京の着倒れ、大阪の食い倒れは今でもよく聞くフレーズです。江戸時代からこうした言い回しがあって各都市で何にお金をよく使うのかを言い表してきました。堺は、「建て倒れ」と言われていたそうです。豪商が多く、建物にお金をかける人が多かったからでしょうか。

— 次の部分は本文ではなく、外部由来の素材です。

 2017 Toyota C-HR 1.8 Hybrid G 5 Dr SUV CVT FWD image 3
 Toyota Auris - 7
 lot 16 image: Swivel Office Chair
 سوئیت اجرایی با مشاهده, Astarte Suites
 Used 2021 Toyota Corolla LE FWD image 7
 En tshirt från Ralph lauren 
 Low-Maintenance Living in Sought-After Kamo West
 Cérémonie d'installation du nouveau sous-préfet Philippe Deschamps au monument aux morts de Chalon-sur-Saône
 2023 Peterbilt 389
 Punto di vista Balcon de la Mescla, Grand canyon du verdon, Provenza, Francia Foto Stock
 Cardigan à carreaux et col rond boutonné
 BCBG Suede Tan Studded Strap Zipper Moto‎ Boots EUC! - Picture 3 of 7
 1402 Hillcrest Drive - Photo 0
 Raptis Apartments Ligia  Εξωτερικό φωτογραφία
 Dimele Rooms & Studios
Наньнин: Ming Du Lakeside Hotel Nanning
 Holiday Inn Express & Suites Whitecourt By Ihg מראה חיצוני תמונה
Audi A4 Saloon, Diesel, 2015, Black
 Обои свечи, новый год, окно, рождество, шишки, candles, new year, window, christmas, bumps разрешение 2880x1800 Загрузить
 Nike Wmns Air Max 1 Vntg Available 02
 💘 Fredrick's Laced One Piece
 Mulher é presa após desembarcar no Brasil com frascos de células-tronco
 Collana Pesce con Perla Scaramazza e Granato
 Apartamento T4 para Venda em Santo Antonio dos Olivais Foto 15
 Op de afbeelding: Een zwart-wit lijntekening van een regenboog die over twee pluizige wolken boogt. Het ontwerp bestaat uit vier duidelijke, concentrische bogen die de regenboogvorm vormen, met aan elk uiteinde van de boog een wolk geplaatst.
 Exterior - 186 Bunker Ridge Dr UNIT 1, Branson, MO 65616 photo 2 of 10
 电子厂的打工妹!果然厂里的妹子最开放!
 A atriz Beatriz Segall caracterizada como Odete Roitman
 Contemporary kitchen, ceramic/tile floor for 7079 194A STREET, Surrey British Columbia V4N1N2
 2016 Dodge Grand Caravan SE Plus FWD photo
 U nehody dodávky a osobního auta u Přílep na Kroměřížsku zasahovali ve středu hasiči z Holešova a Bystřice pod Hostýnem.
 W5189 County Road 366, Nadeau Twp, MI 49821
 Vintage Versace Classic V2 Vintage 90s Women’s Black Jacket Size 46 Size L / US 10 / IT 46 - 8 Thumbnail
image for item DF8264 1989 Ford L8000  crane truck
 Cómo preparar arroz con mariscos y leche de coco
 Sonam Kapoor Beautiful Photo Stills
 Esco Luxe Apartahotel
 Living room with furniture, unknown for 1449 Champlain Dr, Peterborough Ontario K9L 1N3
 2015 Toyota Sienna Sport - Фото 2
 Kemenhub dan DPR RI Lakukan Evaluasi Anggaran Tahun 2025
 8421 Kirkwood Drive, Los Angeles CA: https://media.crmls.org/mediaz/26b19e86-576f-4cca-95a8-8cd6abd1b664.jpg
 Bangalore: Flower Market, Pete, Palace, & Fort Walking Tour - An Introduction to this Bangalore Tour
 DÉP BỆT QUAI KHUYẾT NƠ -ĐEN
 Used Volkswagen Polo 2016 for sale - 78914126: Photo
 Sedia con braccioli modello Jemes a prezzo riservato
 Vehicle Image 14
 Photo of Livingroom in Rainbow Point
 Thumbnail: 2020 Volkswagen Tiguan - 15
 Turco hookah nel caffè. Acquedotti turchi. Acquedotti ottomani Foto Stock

大阪歴史博物館蔵 1568年9月(信長軍の堺包囲)の堺を想定復元した模型 (縮尺1/25)
では「黄金の日々」の頃の堺の街はどうだったのでしょう?上の写真を見てみると板屋根に石を置いた屋根が目立ちます。屋根に板を葺き直している家も見えます。この時代は限られた寺院以外はほぼ板屋根の家が多かったようです。そのため一旦火災が起こると大きな被害がでました。しかし、こうした板屋根の街は時代の先端だったのです。秀吉による小田原征伐の前、秀吉に使者を遣わせた北条氏直が、都の町屋の屋根がことごとく板葺きだと聞き、街道沿いの草葺きや藁葺きの屋根を板葺きに変えさせたという話が残っています。

大鋸(おが) 三十二番職人歌合
板葺きが一般的になったのは、中国から大鋸という二人引きの鋸が伝わったためです。それまでは、くさびやのみで材木を割っていたものを大鋸で厚さをそろえ大量に作れるようになったのです。(15世紀初頭には大鋸が確認できる)応永の乱(1399年 参照31)の際大内義弘に堺に陣を敷くことを進言した部下は、堺は「兵糧材木に富んでいる」と言っています。その進言を採用した義弘はすごい量の材木や板を使って堺全体を要塞化します。以前にも引用しましたが、
材木を集め、数百人の番匠(大工)を以て (中略) 勢楼(敵陣偵察のためのやぐら)四十八、箭櫓(上から矢を射る矢倉)一千七百 東西南北合わせて十六丈(1700mくらいか) 応永記
安土桃山時代になり少し世の中が落ち着くと、堺では「市中の山居」と称して茶室を建てることが流行します。(参照16)こうしたことも、豊富な材木と板があったればこそだつたのかもしれません。

「堺・博多の商人」から

筏士(七十一番歌合)と川並鳶の像(東京都江東区木場2丁目公園)
当時堺の海岸には土佐や紀州から運んできた材木の集積地があり、材木を扱う材木屋が集まっていました。その痕跡は材木町の名で残っています。江戸幕府ができ、街づくりに必要な材木や番匠や筏士が全国から集められました。当然堺からも行ったことでしょう。堺の材木町で羽振りをきかせていた筏士たちの子孫たちが江戸木場の鯔背(いなせ)な川並鳶になっていったのかもしれません。